Osgood’s Mediational Theory: What It Explains, And Examples

A summary of the main psychological theory of researcher Charles E. Osgood.

Osgood mediational theory

Osgood’s mediational theory proposes a variant to the more classical behavioral equation, which only considered stimuli and responses to understand how an individual reacted to the demands of the environment.

Charles E. Osgood postulated the existence of concepts to which human beings tended to attribute meaning, thus posing a historical milestone in the evolution of behaviorism. From his model the semantic differential technique would emerge, whose purpose was to evaluate this extreme.

In the successive lines we will delve into the fundamental ideas of his mediational theory, which constituted a milestone for Psychology and has inspired much research on how individuality mediates the relationship between stimuli and responses.

Osgood’s mediational theory

Osgood’s mediational theory gives a special value to words, since it assumes that they harbor the capacity to represent tangible objects of reality and to mobilize in every human being some of the behaviors that they would articulate in the direct presence of these. It is, therefore, a model that places special emphasis on the symbolic properties of language ; and that adds richness to the classical behavioral equation (from which any reaction to the environment was limited to the well-known stimulus-response).

This theory is based on the fact that words, and the cognitive processing that can be suggested from them, act as the mediational axis between the presentation of any stimulus and the response associated with it.
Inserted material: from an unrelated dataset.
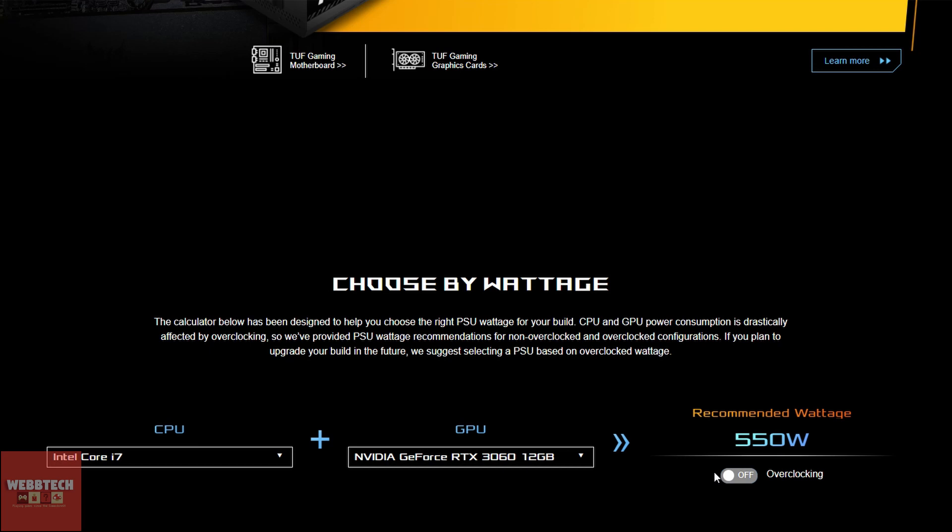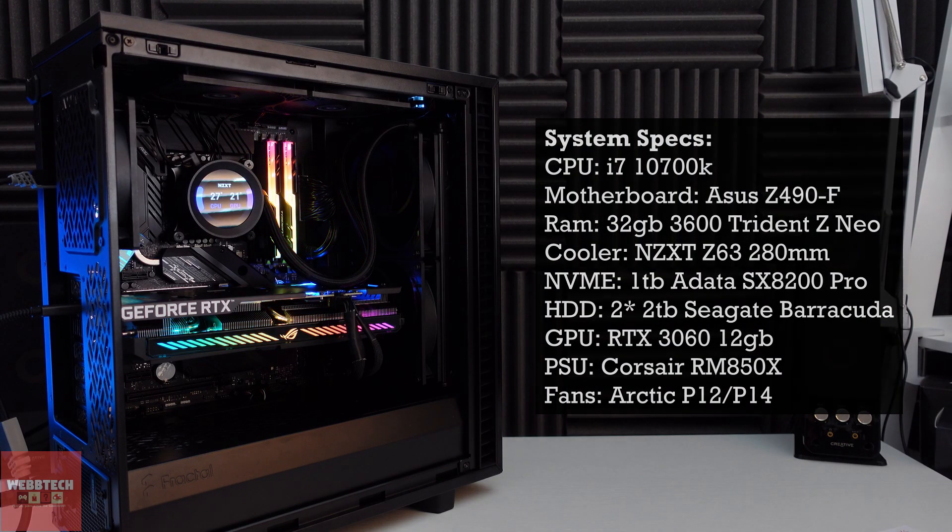When it comes to PSU selection, I think you're probably going to be all right with what you already have. The recommendation from the ASUS website for my system is 550 watts stock, and 650 if I'm going to overclock. But from my testing with a high refresh 1080p monitor, I only drew 351 watts. On that basis, I'd recommend 500 watts for stock settings, and about 600 if you're going to overclock. You could probably get away with 450, but you might have problems — it all depends on your processor. Use a calculator and make an informed decision, but ultimately it's not the hardest graphics card to power.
That is why it is considered a model with a clear neo-behavioral nature, as it broadens its theoretical framework and contemplates the constructive capacity of human beings in their interaction with the reality that surrounds them.

Next, we propose the three levels that are included in the Osgood postulate, in which the progressive transformation of sensations (dependent on the sense organs) to perceptions and meanings is detailed, which imply higher-level elaborations and that base the selection. of a range of behaviors that will be mediated on the natural environment.

1. Projection level

The level of projection refers to the area of ​​immediate sensations, as they occur at the moment they are perceived by the sense organs. It includes both those that belong to the visual domain and to the rest of the sensory modalities, and it traces the way in which every human being immerses himself in the physical environment that surrounds him. In particular, it is a wide universe of sensations that unfold during the experience, in a composition of nuances that can be grasped by the sensitive and organic limits.

This initial process obeys to a perception of the facts as they are (icons), without the interpretation of them or the contribution of the individuality of who participates in this situation.

At the other end of the equation, the projection level includes all the possible behaviors (movements) that the agent subject can use to interact with what surrounds them. Thus, the projective level brings together potential stimuli and responses, without using filters of any other nature.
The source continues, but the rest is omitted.